New work on problem-solving, much done at CMU, starting with Herbert Simon & Allen Newell. Viewing probem-solving as an external process-search through a problem space. Characteristics of problem space: start, goal, nodes (states of knowledge) and links which connect the nodes. Move from node to node by the application of move operators.
Types of problems were delineated in the form of dichotomies. These included knowledge rich vs. knowledge lean problems (based on how much knowledge is required to solve them), large problem space problems vs. small prob. space problems (depending on how large the potential search space is), insight vs. non-insight problems (depending on how suddenly the solution “appears”, mutilated checkerboard), and well-defined vs. ill-defined problems (depending on whether there is a recognizable and clearly defined “correct” answer or not). First artificial intelligence programs (LT (the logic theorist) followed by GPS (the general problem solver)). GPS incorporates means-ends-analysis, a heuristic technique based on attempting to move through a problem space from start to goal by picking move operators that will move you closer, testing for their applicability to the current situation (node), and adopting subgoals if there is no move that will take you to the goal in one step. Think about issues of artificial intelligence. Subgoaling is a powerful technique (heuristic). Be able to define algorithms and heuristics. Examples of heuristics: hill-climbing (can not do detour problems where you have to move away from goal in order to get to it), working backward working back from the goal (lily-pond example), fractionation (breaking problem into smaller pieces (subgoals) that are more solvable), practicing to automate move-making, incubation (leaving problem for a while and thinking about something else as a way of getting out of a rut you might be looked into--backing up in the problem space). We need heuristics because many problems have an impossibly large search space-cannot be solved by exhaustive search or trial and error.

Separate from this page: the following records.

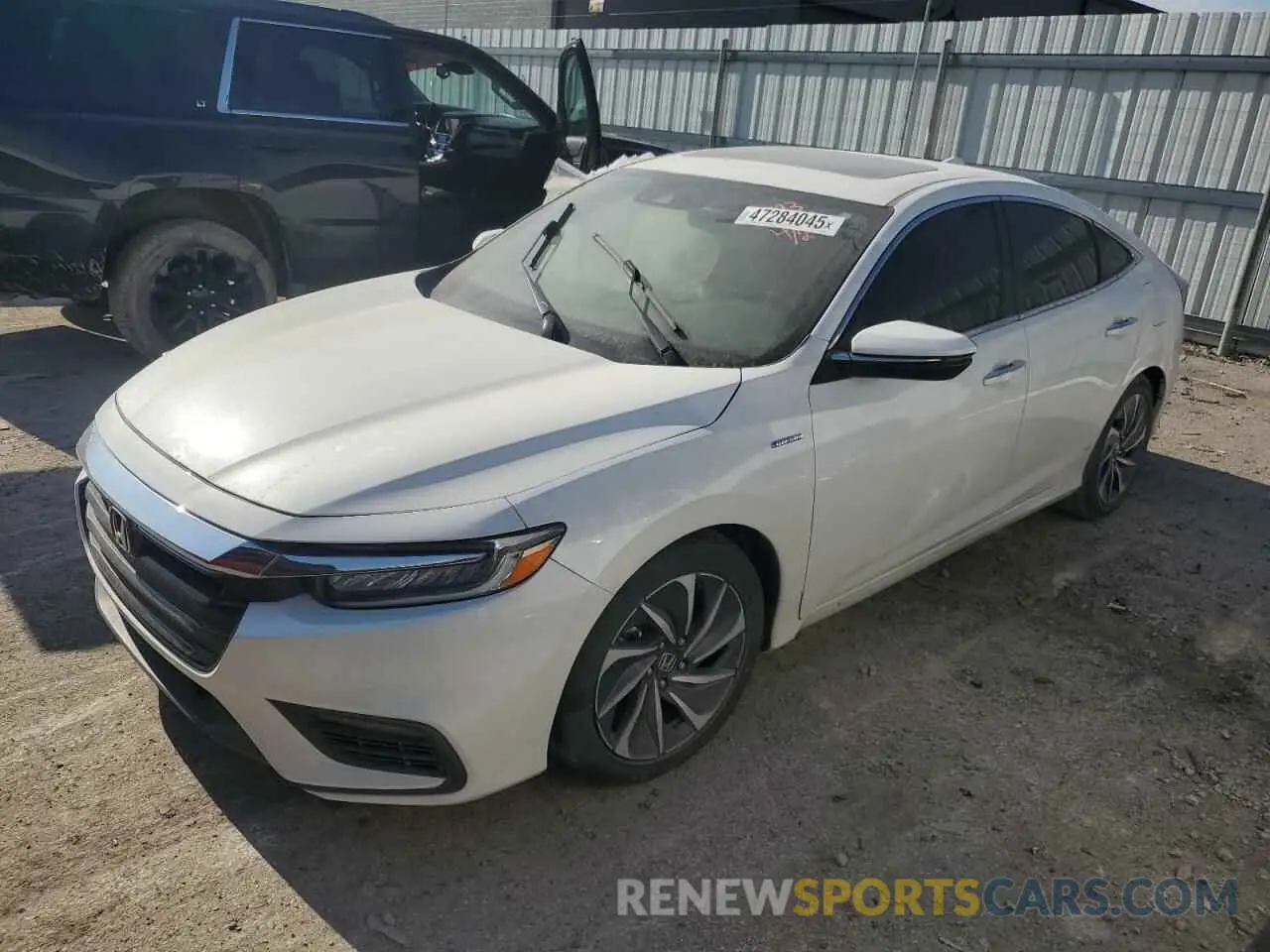 1 Photograph of a damaged car 19XZE4F96KE001993 HONDA INSIGHT 2019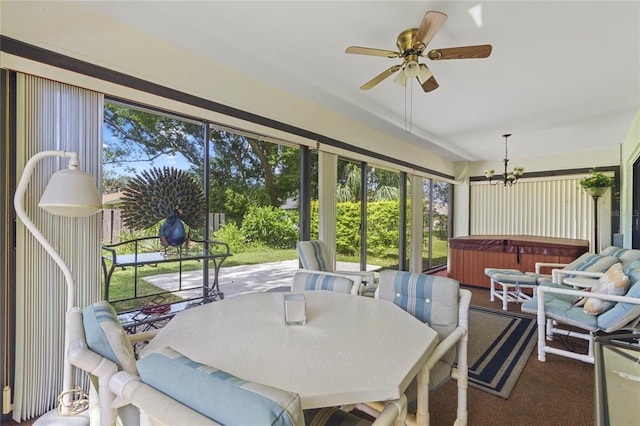 sunroom featuring ceiling fan with notable chandelier and a jacuzzi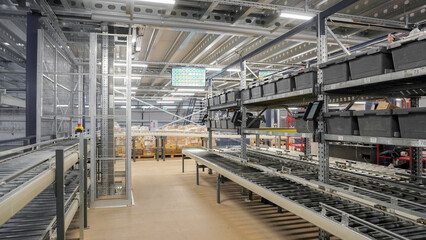 Fototapeta premium Сonveyor belt in sorting area and racks with boxes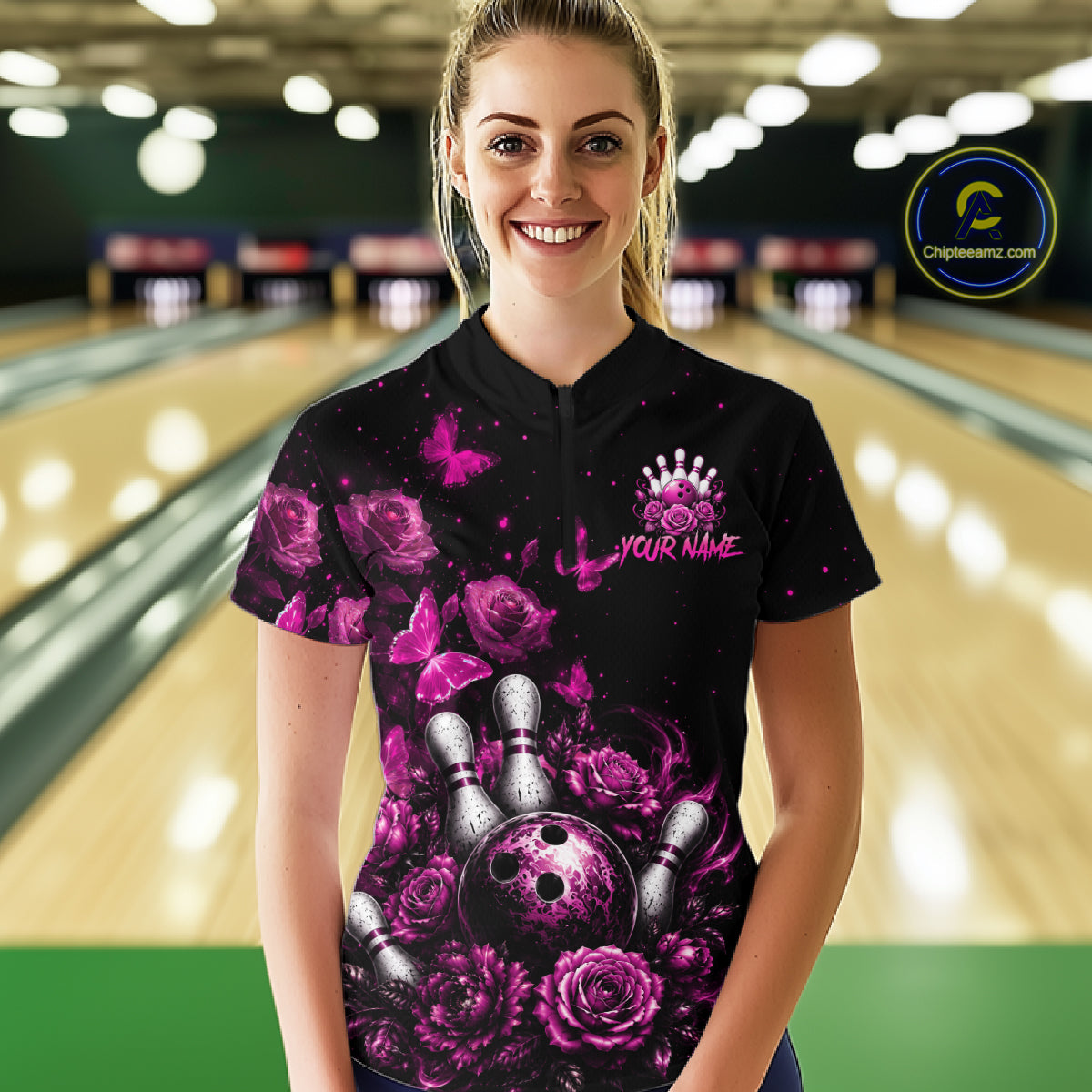 Women’s pink rose butterfly bowling quarter zip shirt, front view on female model in bowling lane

Importance of representation for problem-solving. Good representations allow people to exhibit more effective, expert-like problem-solving earlier because they lighten the processing load, making moving/planning moves easier. Remember work with Tower of Hanoi and isomorphs (structurally similar problems) that showed large differences in difficulty depending on the representation of the problem. Expertise -- building up lots of chunks in long term memory and using good representations (chess). Practice again that makes the performance of tasks automatic and lessens the demands on attention/memory. (Think of the Stroop task here.) How does problem solving interact with our cognitive architecture?
Evidence for non-conscious problem solving. Also, expertise was discussed. Think about the ten year rule and work with chess masters.